King Baby by Kate Beaton. Scholastic/Levine, $17.99; ISBN 978-0-545-63754-1. In Beaton’s (The Princess and the Pony) second picture book, a swaddled egg of an infant addresses his many adorers. The book earned a starred review from PW.

The Bill the Cat Story: A Bloom County Epic by Berkeley Breathed. Philomel, $18.99; ISBN 978-0-399-54662-4. The heart wants what the heart wants, and in this origin story, readers learn that Binkley, the human fulcrum of Breathed’s Bloom County, really wanted a cat that looks like it’s suffering from a combination of the world’s worst hangover and the world’s worst hair ball.

Leave Me Alone by Vera Brosgol. Roaring Brook, $17.99; ISBN 978-1-62672-441-9. Graphic novelist Brosgol’s (Anya’s Ghost) first picture book opens in a traditional folktale setting as a Russian grandmother in a tiny cottage struggles to finish her winter knitting. She has dozens of grandchildren, and they swarm all over her yarn, and all she wants is to complete her work. The book earned a starred review from PW.

Freedom Over Me: Eleven Slaves, Their Lives and Dreams Brought to Life by Ashley Bryan by Ashley Bryan. Atheneum/Dlouhy, $17.99; ISBN 978-1-4814-5690-6. Using a document from 1828 that lists the value of a U.S. landowner’s 11 slaves, Bryan (Sail Away) creates distinct personalities and voices for each, painting their portraits and imagining their dreams. The book earned a starred review from PW.

The Forgetting by Sharon Cameron. Scholastic Press, $18.99; ISBN 978-0-545-94521-9. In this YA novel, a consequence-free night of lawlessness and bloodshed accompanied by a total loss of memory comes to the walled city of Canaan every 12 years, and its citizens rely on their books to remember who they are afterward, unless they decide to start new lives.

The Peculiar Night of the Blue Heart by Lauren DeStefano. Bloomsbury, $16.99; ISBN 978-1-61963-643-9. In a moving story from the author of the Chemical Garden trilogy, about the lengths children will go to help a friend, Lionel and Marybeth live in an orphanage run by Mrs. Mannerd, a kindly widow who never had children of her own.
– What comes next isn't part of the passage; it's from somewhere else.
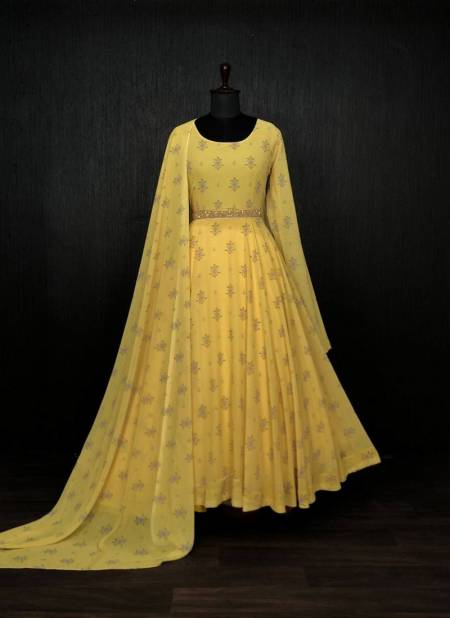Ka 1003 Faux Georgette Premium Designer Readymade Gown-Dupatta Catalog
Children of Exile by Margaret Peterson Haddix. Simon & Schuster, $16.99; ISBN 978-1-4424-5003-5. In this trilogy opener, Rosi and her younger brother are two of many children raised by Fred-mamas and Fred-daddies in Fredtown, a place of equality and harmony.
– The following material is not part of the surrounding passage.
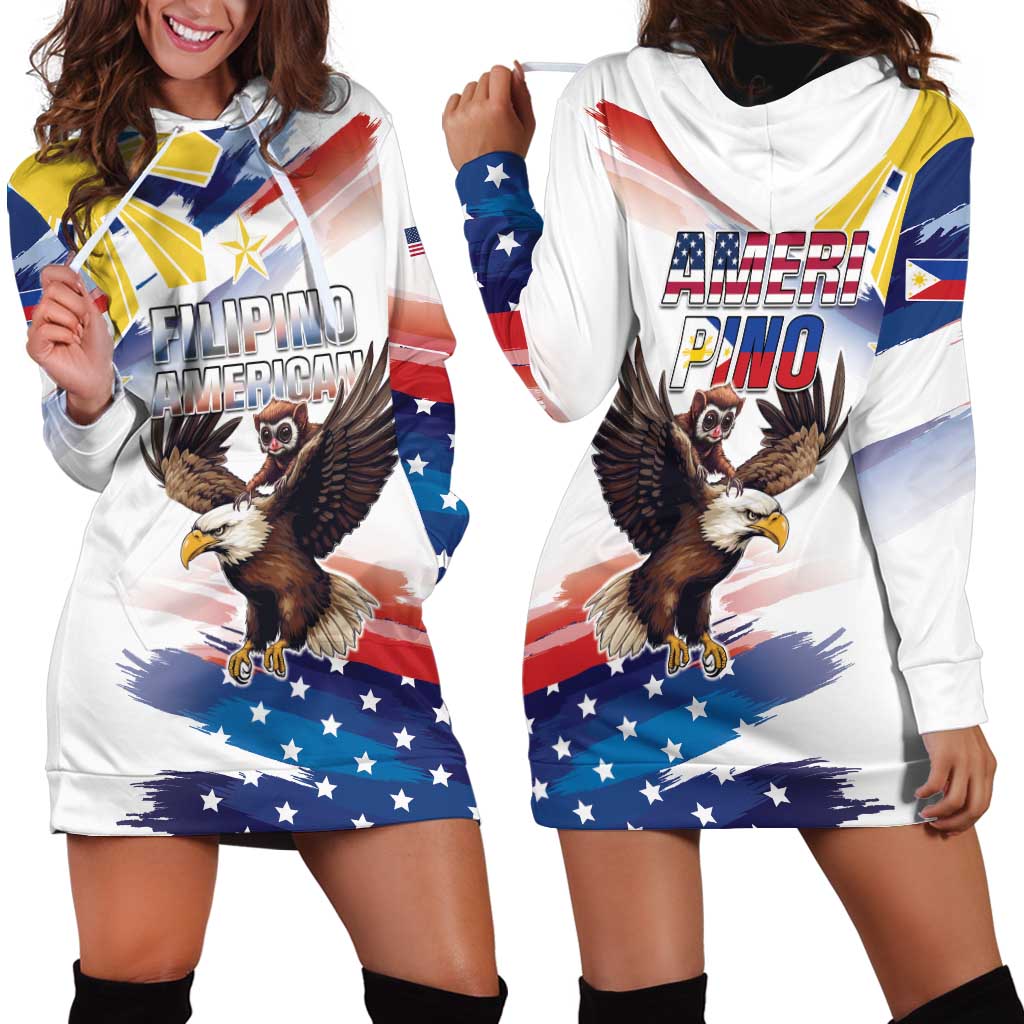 Filipino American History Month Hoodie Dress Bald Eagle Tarsier Together LT05 - Polynesian Pride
Pond by Jim LaMarche. S&S/Wiseman, $17.99; ISBN 978-1-4814-4735-5. Stories about nature often feature disappearing wildlife and dwindling habitats, but LaMarche (Winter Is Coming) shows how nature can rebound.

Every Falling Star: The True Story of How I Survived and Escaped North Korea by Sungju Lee and Susan Elizabeth McClelland. Amulet, $16.95; ISBN 978-1-4197-2132-8. This memoir highlights a boy’s survival and eventual escape from North Korea.

The Poet’s Dog by Patricia MacLachlan. HarperCollins/Tegen, $14.99; ISBN 978-0-06-229262-9. Newbery Medalist MacLachlan offers a middle grade novel from the perspective of Teddy, the dog of the title. The book earned a starred review from PW.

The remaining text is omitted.